El proyecto experimental decide en tiempo real qué modelo debe escribir, revisar o corregir el código. GitHub asegura que puede elevar la calidad mientras reduce el coste de ejecución.
GitHub quiere que los desarrolladores dejen de tener que decidir constantemente qué modelo de inteligencia artificial utilizar para cada tarea. La plataforma ha presentado HydraFusion, un proyecto experimental para Copilot capaz de coordinar diferentes modelos de IA durante una misma petición de programación.
La idea supone ir un paso más allá de la selección automática de modelos introducida anteriormente en GitHub Copilot. En lugar de escoger simplemente una IA antes de comenzar, HydraFusion puede diseñar un flujo de ejecución con varios modelos, incluidos sistemas locales, modelos alojados en la nube y motores de distintos proveedores.
El objetivo es encontrar automáticamente el mejor equilibrio entre calidad, velocidad y coste.

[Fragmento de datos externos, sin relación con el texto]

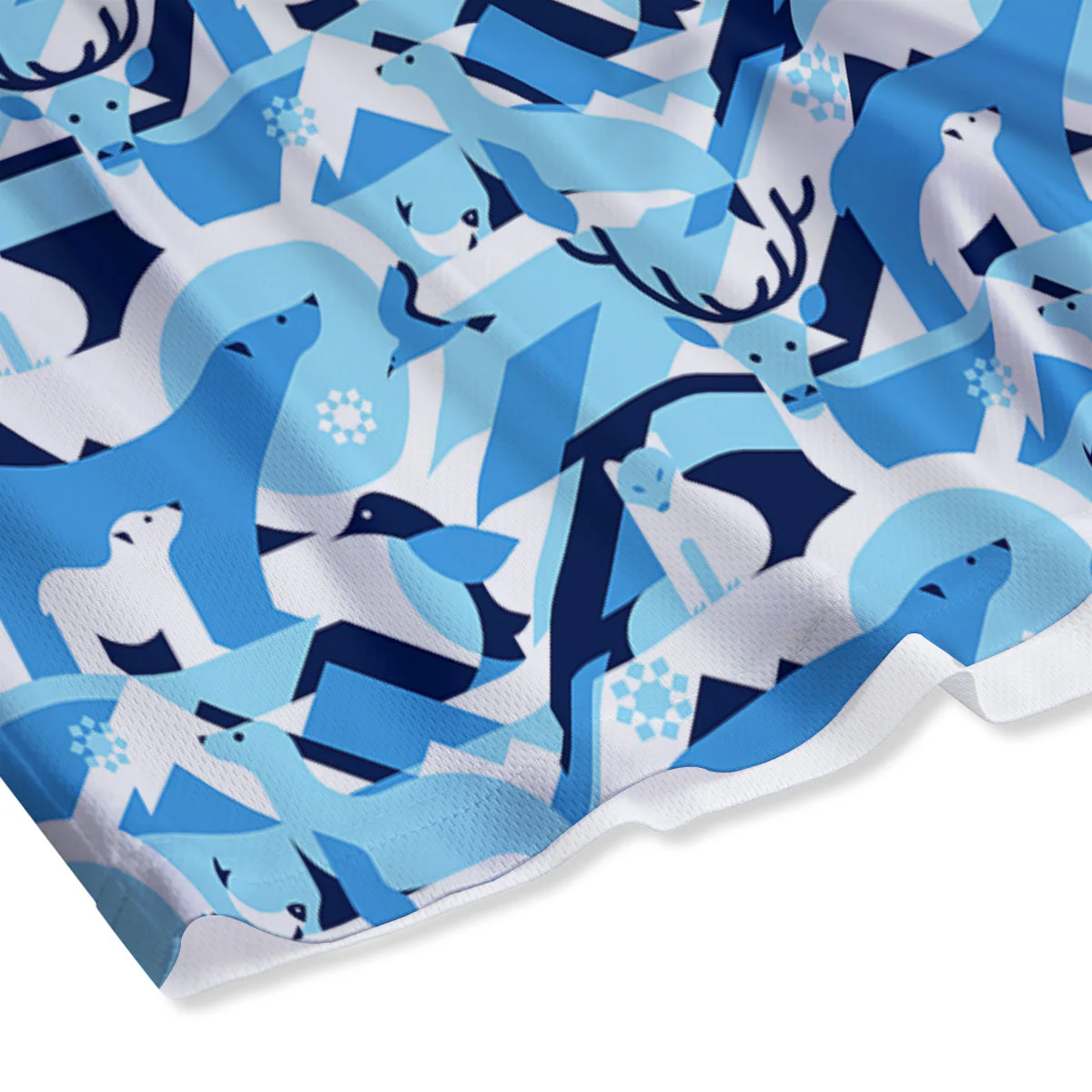 Blue Arctic Animals Print Pattern Mesh Shorts - Image 4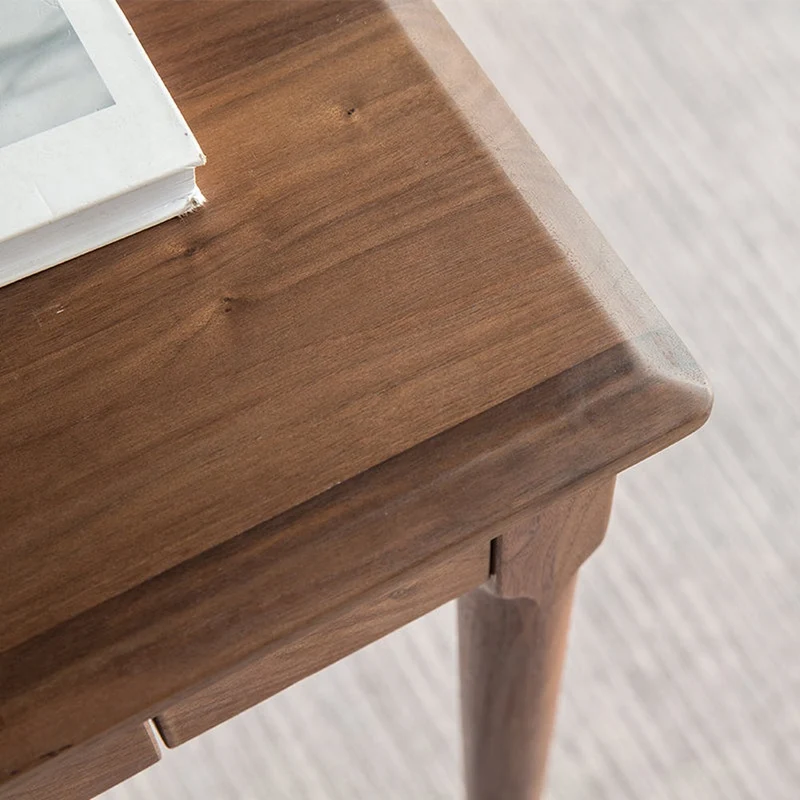 Future Walnut Wood Glass Surface Drawer Desk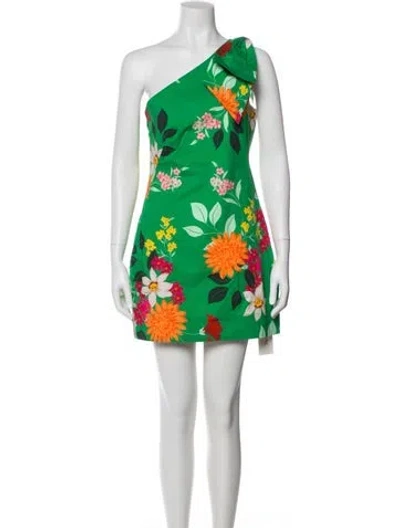 Pre-owned Cara Cara Floral Print Mini Dress In Green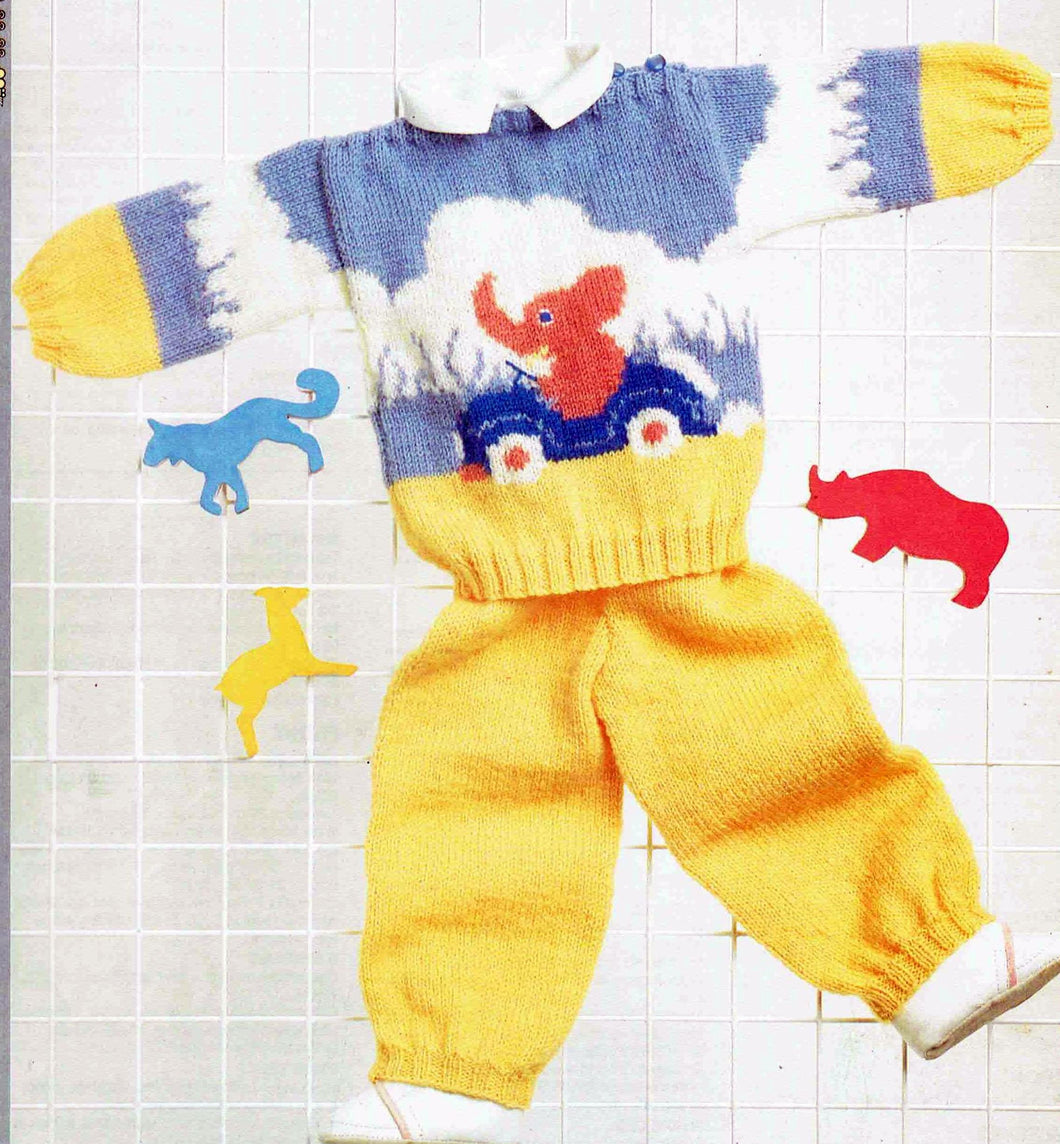 Baby Elephant sweater & Trousers in DK- 8Ply Light worsted wool- Download PDF Knitting Pattern 19-22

HydraFusion convierte Copilot en un orquestador de modelos
HydraFusion analiza las capacidades disponibles en aspectos como razonamiento, generación de código y utilización de herramientas antes de decidir cómo resolver una petición.

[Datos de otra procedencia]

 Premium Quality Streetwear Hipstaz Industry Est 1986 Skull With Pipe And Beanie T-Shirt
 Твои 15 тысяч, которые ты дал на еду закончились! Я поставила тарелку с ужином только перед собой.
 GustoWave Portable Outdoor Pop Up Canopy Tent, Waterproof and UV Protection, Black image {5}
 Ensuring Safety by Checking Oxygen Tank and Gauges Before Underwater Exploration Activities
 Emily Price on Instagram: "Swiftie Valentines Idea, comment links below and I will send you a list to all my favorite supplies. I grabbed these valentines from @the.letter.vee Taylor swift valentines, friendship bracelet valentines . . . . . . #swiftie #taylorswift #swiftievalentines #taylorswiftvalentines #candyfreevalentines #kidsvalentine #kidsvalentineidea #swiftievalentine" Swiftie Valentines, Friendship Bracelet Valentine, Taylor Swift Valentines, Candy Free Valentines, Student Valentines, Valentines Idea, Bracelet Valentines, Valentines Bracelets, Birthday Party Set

El sistema dispone de tres estrategias principales.
La más sencilla consiste en enviar directamente el trabajo a un único modelo. Para tareas más complejas puede utilizar una cascada: una IA eficiente genera inicialmente la respuesta y un mecanismo de control decide si es suficientemente buena o debe escalarse a un modelo más potente.
La tercera alternativa introduce una idea especialmente interesante: un modelo genera el código y otro perteneciente a una familia diferente actúa como crítico independiente. Después de recibir esa evaluación, el primer sistema puede corregir su propuesta.

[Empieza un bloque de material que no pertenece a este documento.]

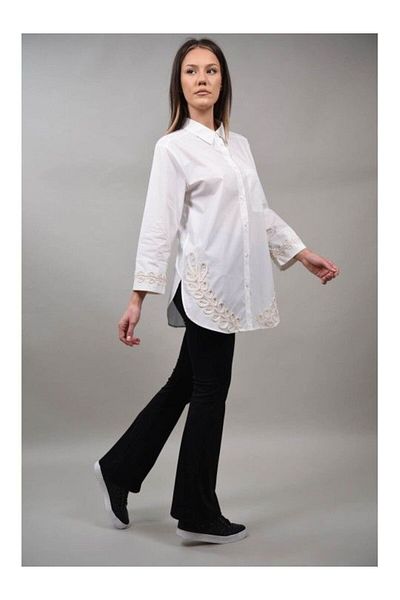 Y TWO WOMEN SONIA COTTON OXFORD SHIRT White M-L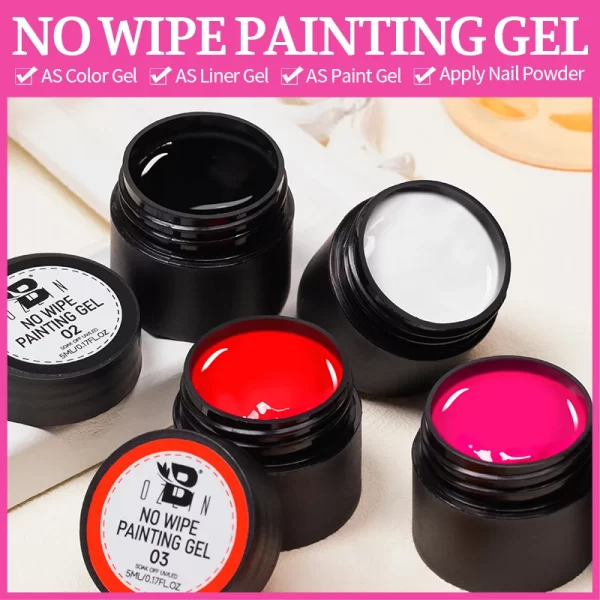 BOZLIN 5ml 4 In 1 No Wipe Painting Gel Varnish Black White Color Painting Liner Nail Art Glitter UV Gel Top Coat Manicure Polish - Image 5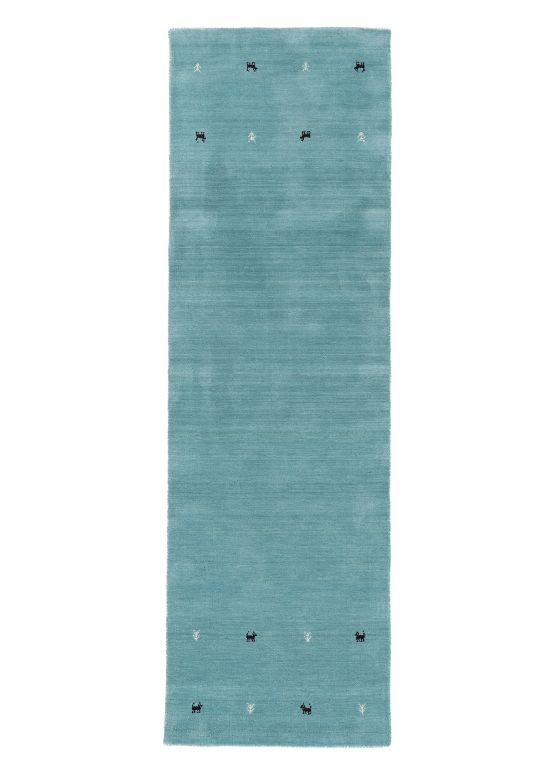 Tapis de laine Gabbeh Uni couloir Turquoise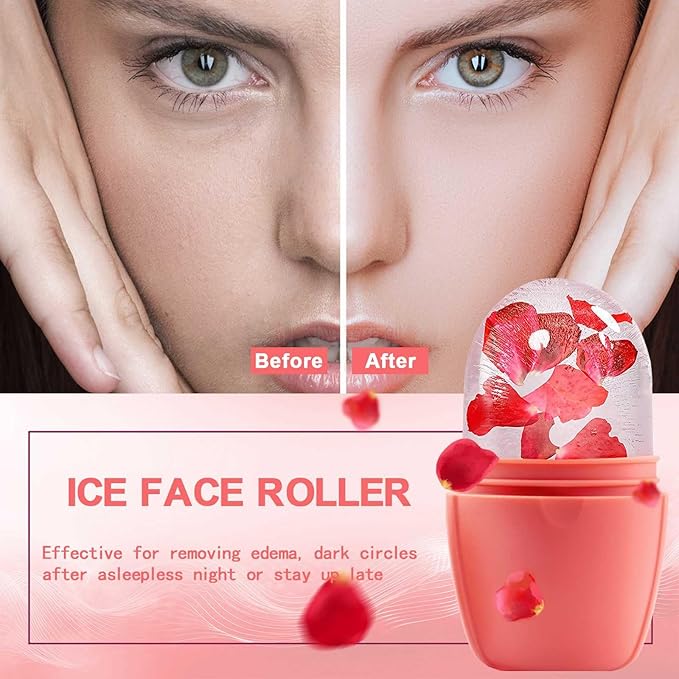 XHJRI Ice Face Roller Massager,Ice Cube Roller for Face, Eyes and Neck Naturally Conditioning and Skin Care,De-Puff Eye Bags,Reduce Migraine Pain,Reusable Massage Silicone Ice Mold (New Pink)-GlimoraGlow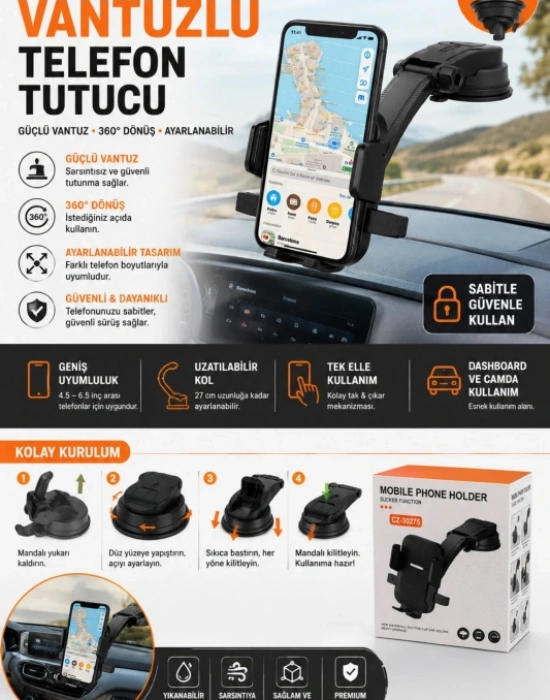 CT. Torpido Üstü Vakumlu Araç Telefon Tutucu Ayarlanabilir Uzun Kollu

De esta forma, Copilot deja de depender necesariamente de una única respuesta generada por un único modelo.
GitHub asegura reducir un 67% el coste en una prueba
Los primeros resultados publicados por GitHub apuntan a mejoras importantes, aunque conviene recordar que proceden de evaluaciones internas de la propia compañía.
En TerminalBench 2.1, HydraFusion habría mejorado en 4,9 puntos porcentuales la calidad de las tareas verificadas frente a la evaluación de referencia realizada con Claude Opus 5, mientras que el coste estimado habría sido un 67% inferior.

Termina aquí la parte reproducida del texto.